▶ _Given information_:
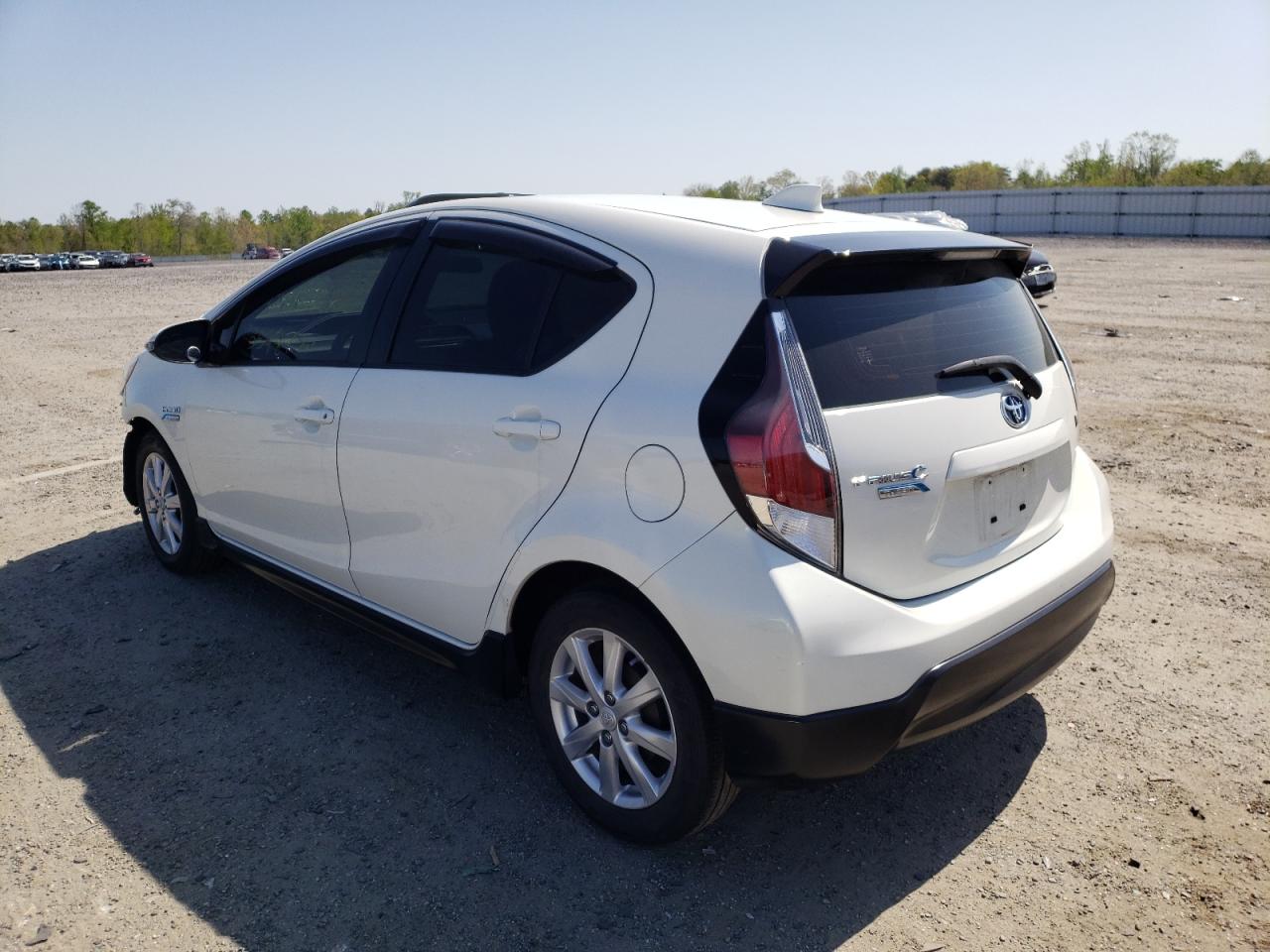 Photo 3 from auction – 2017 TOYOTA PRIUS C with VIN JTDKDTB31H1593119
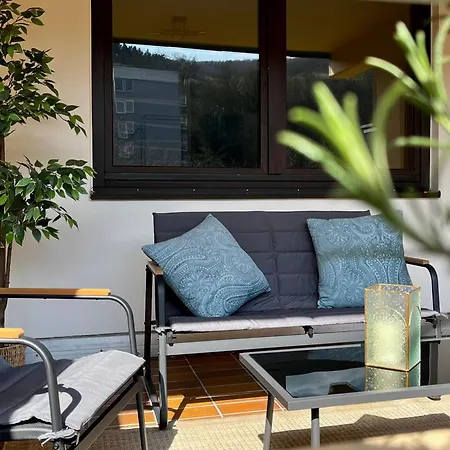 Helles 2 Mit Balkon Und Tiefgarage *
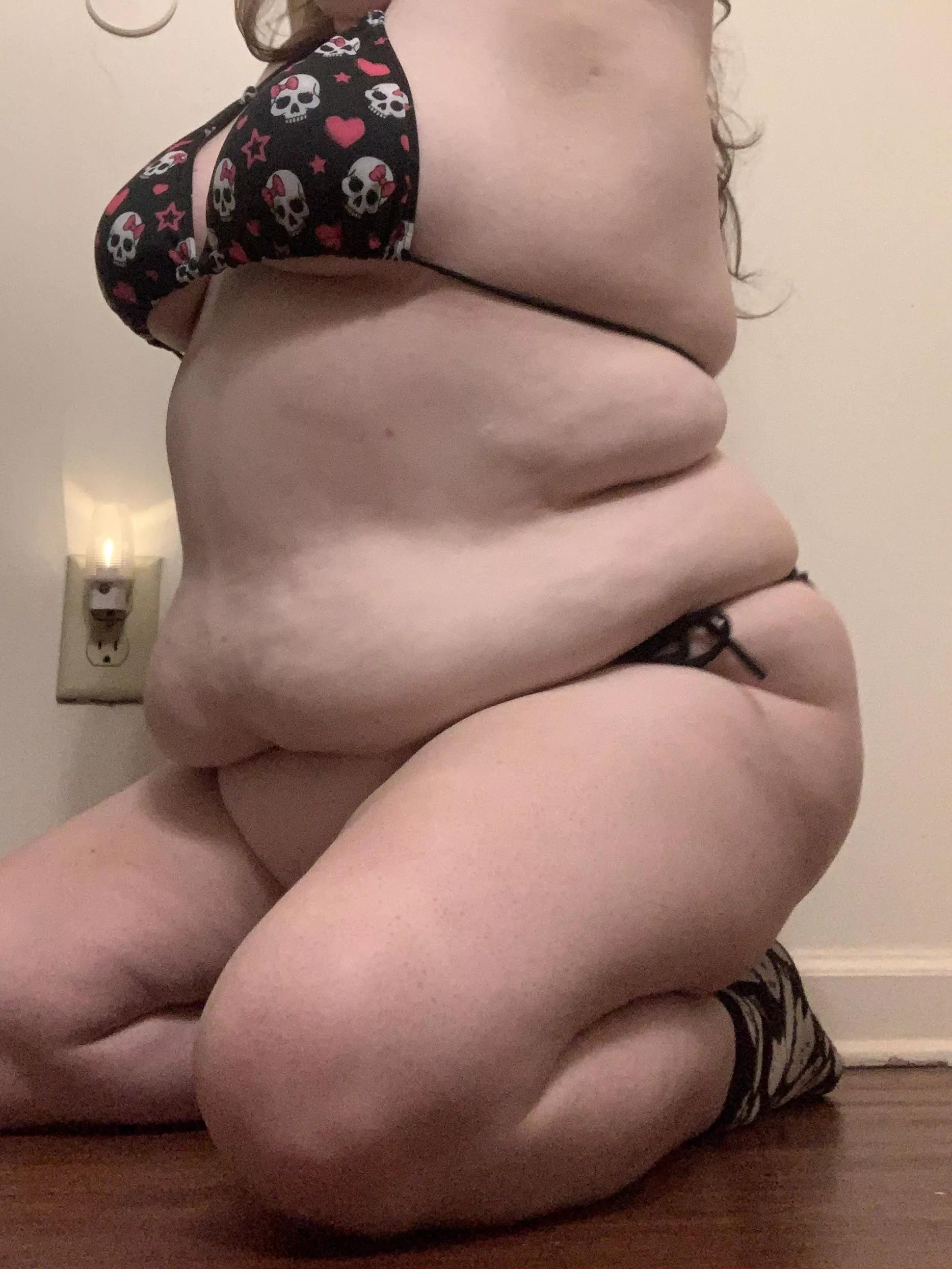 do you like my big round belly?  posted by haaleyy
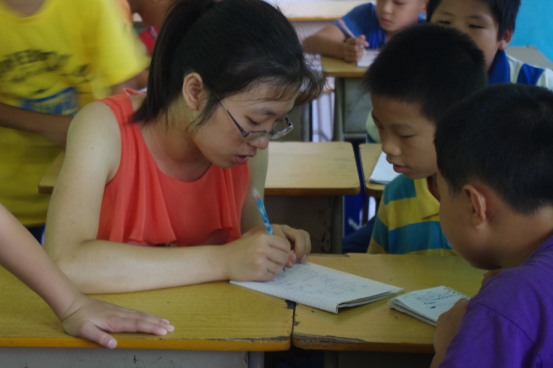 “来,这里这样做。” “来,这里这样做。”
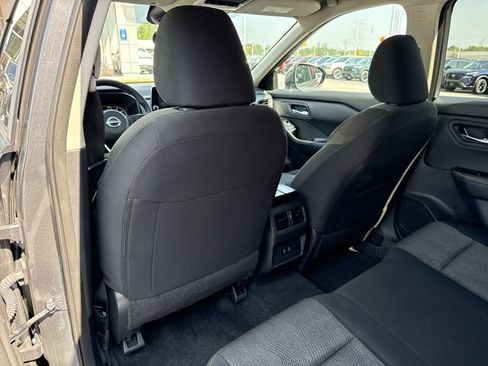 Used 2024 Nissan Rogue SV FWD image 18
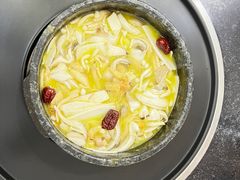 -南渝食府.墨脱石锅松茸鸡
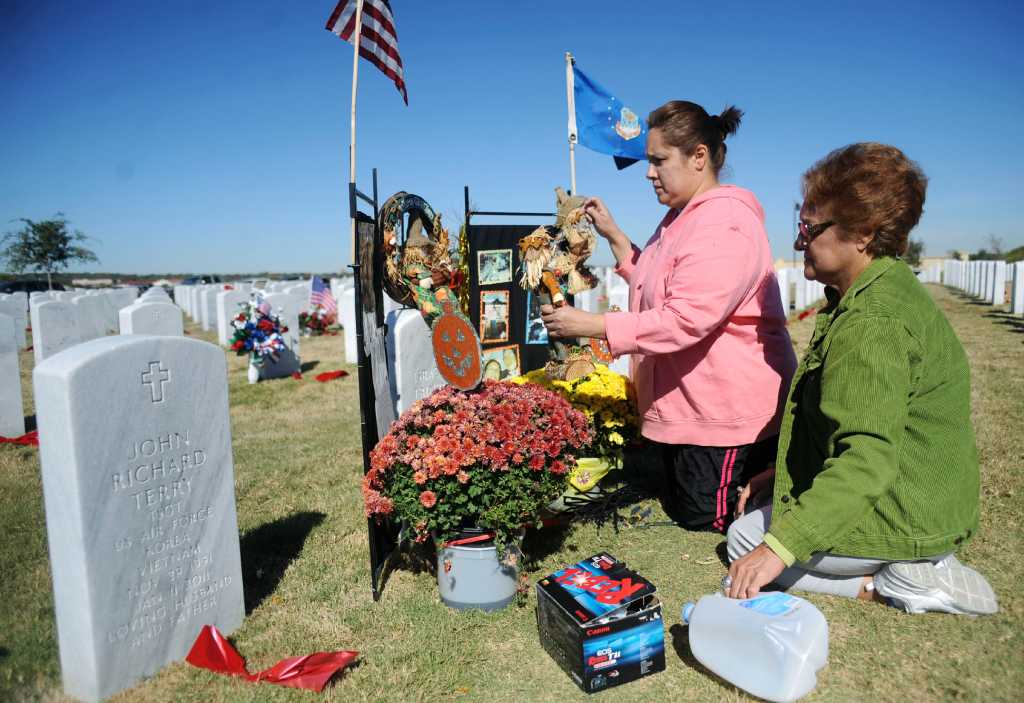 Fort Sam Cemetery Will Follow Flowers Only Rule San Antonio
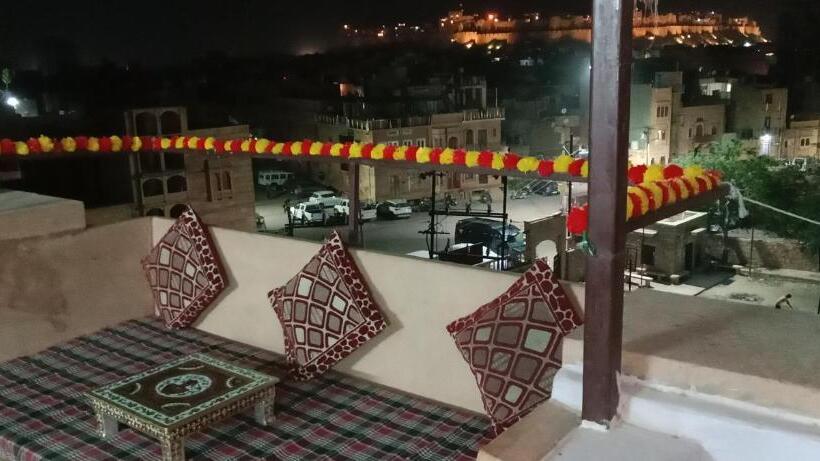 בית מלון כפרי Bhadu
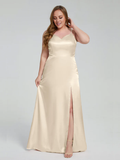 Vestido de dama de honor de satén suave, de talla grande, dividido y largo hasta el suelo.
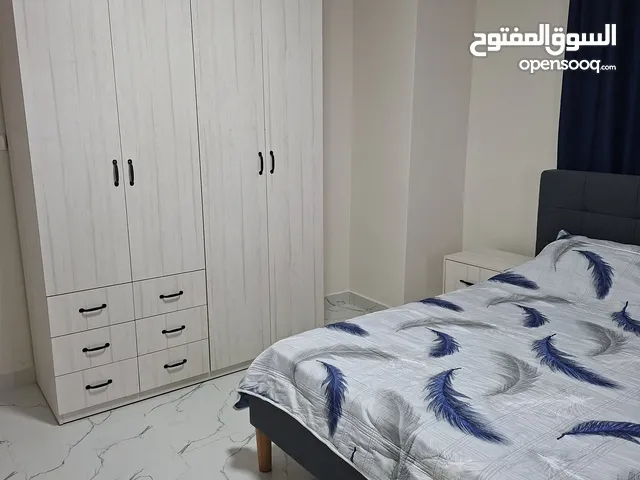 ستوديو فر ش جديد لم تسكن من قبل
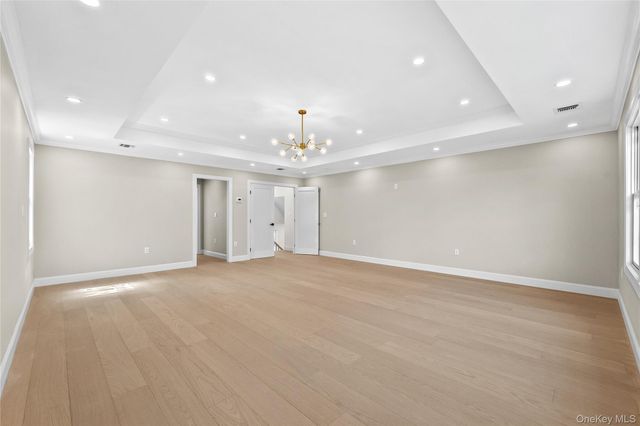 2 Circle Drive, Syosset, NY 11791
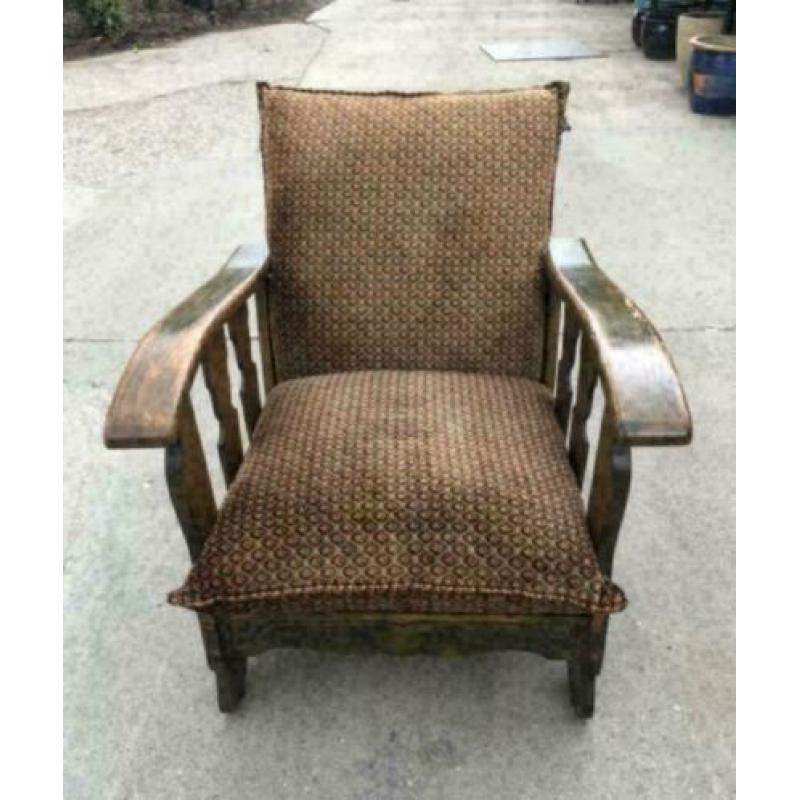 brocante stoel met vernieuwde kussens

▶ _Problem to solve_: Nothing but the lines from the start of the records above through the line with "Vestido de dama" should be retyped, each exactly as written; leave out all pictures.

▶ _Task output_:
 Photo 3 from auction – 2017 TOYOTA PRIUS C with VIN JTDKDTB31H1593119
 Helles 2 Mit Balkon Und Tiefgarage *
 do you like my big round belly?  posted by haaleyy
 “来,这里这样做。” “来,这里这样做。”
 Used 2024 Nissan Rogue SV FWD image 18
 -南渝食府.墨脱石锅松茸鸡
 Fort Sam Cemetery Will Follow Flowers Only Rule San Antonio
 בית מלון כפרי Bhadu
 Vestido de dama de honor de satén suave, de talla grande, dividido y largo hasta el suelo.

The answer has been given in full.